Nick Bollinger listens to American heartland tales from Robbie Fulks.
Like a great country singer should, Robbie Fulks has songs to make you laugh and songs to make you cry. And his new album’s got both.
I first became aware of Fulks with his 1998 Geffen album Let’s Kill Saturday Night – a well-promoted set which, as it turned out, was to be his one brush with a major label. With a hard-rocking band behind him, his smart, country-tinged songs almost passed as contemporary rock’n’roll. But a square peg like Fulks was never really going to fit into the round hole of the majors, and ever since then he’s been releasing - at fairly regular intervals – records that lean increasingly towards the sparseness and timelessness of hillbilly music.
He’s an excellent guitarist and surrounds himself with musicians of equal calibre. He’s also a fine singer, with more than one mode of delivery, and a masterful songwriter, who constructs his words and tunes with an artisan’s craft. Some of the songs are funny (try ‘Aunt Peg’s New Old Man’), but more often they are poignant and pointed.
If Upland Stories had a subtitle it might be the name of one of its standout songs: ‘America is a Hard Religion.’ There’s a running theme here of working people in America’s forgotten heartland, trying to believe in a country that has manifestly let them down. There’s something here of the eye and ear of James Agee, whose collaboration with photojournalist Walker Evans produced the book Let Us Now Praise Famous Men, the seminal and shocking document of the Great Depression. So perhaps its not surprising that another of the standout tracks, ‘Alabama At Night’, is directly inspired by Agee and Evans’ travels in the 1930s. The song may be set in the Great Depression, but one senses that story could as easily be unfolding right now, and that same quiet and particular type of observation runs right through the record.

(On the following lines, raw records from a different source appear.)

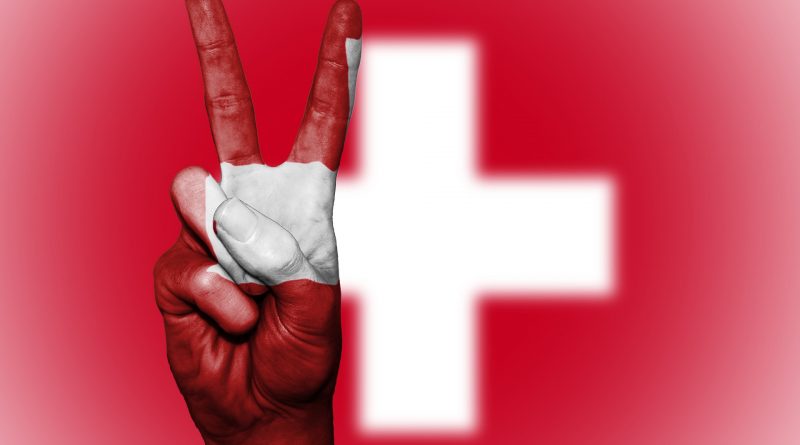 Flagge der Schweiz und Friedenssymbol
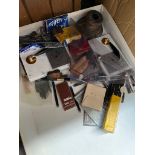 A box of pen items, stands, etc.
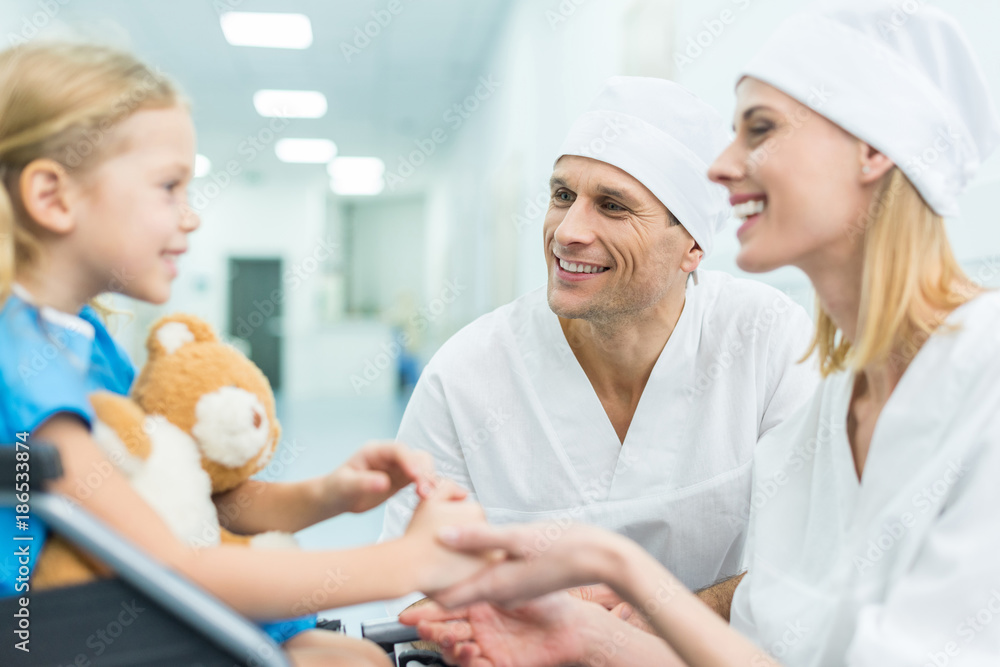smiling doctors and patient on wheelchair holding hands smiling doctors and patient on wheelchair holding hands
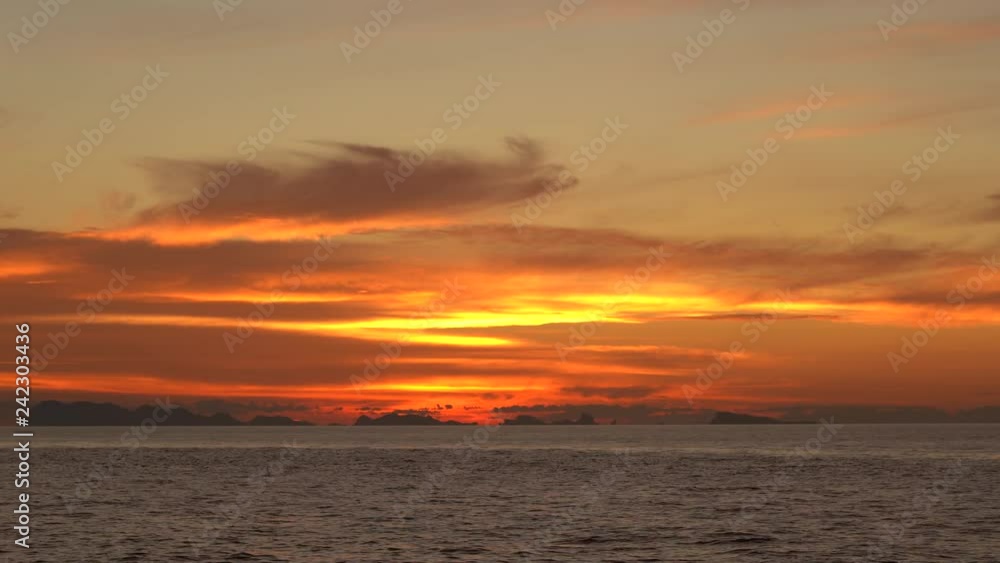 Beautiful sunset over sea water wave. Summer vacation concept. Island Koh Phangan, Thailand, establishing shot Beautiful sunset over sea water wave. Summer vacation concept. Island Koh Phangan, Thailand, establishing shot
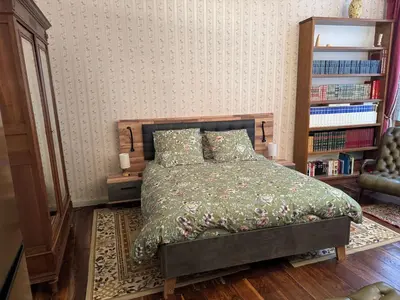 a bedroom with a bed and a book shelf at Appartement Centre Ville in Mirepoix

Like his last album, 2013’s Gone Away Backward, Upland Stories was recorded by Steve Albini. And though better known for his work on The Pixies’ Surfer Rosa, Nirvana’s In Utero, or the excoriating sounds of his own band Shellac, when it comes to capturing acoustic music no one does it better - with Fulks’ voice crisp, present and out in front, and the instruments arranged beautifully around the singing, like a concert in your living room.
Not everyone hits a hot streak twenty years into their recording career, but Upland Stories finds Robbie Fulks making the best music he ever has.
Songs featured: South Bend Soldiers On; Aunt Peg’s New Old Man; America Is A Hard Religion; Alabama At Night; Never Come Home; Fare Thee Well Carolina Gals.
Upland Stories is available on Bloodshot Records.